==== DATA EXTRACTS ====

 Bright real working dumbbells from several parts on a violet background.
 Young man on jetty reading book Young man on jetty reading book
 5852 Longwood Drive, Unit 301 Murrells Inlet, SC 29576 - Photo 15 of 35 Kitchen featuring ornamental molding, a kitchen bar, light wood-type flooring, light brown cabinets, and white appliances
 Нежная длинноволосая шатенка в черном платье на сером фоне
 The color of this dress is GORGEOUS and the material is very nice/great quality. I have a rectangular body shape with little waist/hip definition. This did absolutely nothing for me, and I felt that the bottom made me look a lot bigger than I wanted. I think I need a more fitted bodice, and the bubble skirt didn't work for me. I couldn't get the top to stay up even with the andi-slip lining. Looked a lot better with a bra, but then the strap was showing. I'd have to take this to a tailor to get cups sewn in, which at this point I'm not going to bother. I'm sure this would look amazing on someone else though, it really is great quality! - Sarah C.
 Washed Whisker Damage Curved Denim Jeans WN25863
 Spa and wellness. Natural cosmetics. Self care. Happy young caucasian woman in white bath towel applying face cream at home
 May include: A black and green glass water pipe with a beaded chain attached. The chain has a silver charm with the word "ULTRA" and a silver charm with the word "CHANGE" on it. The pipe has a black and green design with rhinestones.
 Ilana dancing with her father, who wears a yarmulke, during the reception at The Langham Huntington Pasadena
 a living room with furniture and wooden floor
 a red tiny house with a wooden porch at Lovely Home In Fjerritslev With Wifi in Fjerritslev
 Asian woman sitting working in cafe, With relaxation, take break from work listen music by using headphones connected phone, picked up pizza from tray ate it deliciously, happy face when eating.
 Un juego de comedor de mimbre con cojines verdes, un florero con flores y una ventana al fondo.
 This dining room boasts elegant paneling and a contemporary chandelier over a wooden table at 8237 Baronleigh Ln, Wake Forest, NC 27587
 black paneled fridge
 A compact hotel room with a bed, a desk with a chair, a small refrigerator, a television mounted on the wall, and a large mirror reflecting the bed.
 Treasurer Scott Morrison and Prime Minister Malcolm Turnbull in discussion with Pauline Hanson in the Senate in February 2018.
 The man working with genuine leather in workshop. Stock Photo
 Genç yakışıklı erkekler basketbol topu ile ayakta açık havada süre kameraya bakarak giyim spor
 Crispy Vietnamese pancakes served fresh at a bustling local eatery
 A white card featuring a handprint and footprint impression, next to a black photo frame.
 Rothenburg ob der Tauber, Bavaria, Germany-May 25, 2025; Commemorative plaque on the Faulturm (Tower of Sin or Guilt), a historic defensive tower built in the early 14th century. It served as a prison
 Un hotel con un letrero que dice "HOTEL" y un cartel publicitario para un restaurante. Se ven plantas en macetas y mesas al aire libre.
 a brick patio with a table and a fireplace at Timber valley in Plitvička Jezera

====

TASK OBJECTIVE >> Restate the entries above word for word, beginning with their first line and ending with the line holding "Нежная длинноволосая шатенка"; omit everything else.

ANSWER >>
 Bright real working dumbbells from several parts on a violet background.
 Young man on jetty reading book Young man on jetty reading book
 5852 Longwood Drive, Unit 301 Murrells Inlet, SC 29576 - Photo 15 of 35 Kitchen featuring ornamental molding, a kitchen bar, light wood-type flooring, light brown cabinets, and white appliances
 Нежная длинноволосая шатенка в черном платье на сером фоне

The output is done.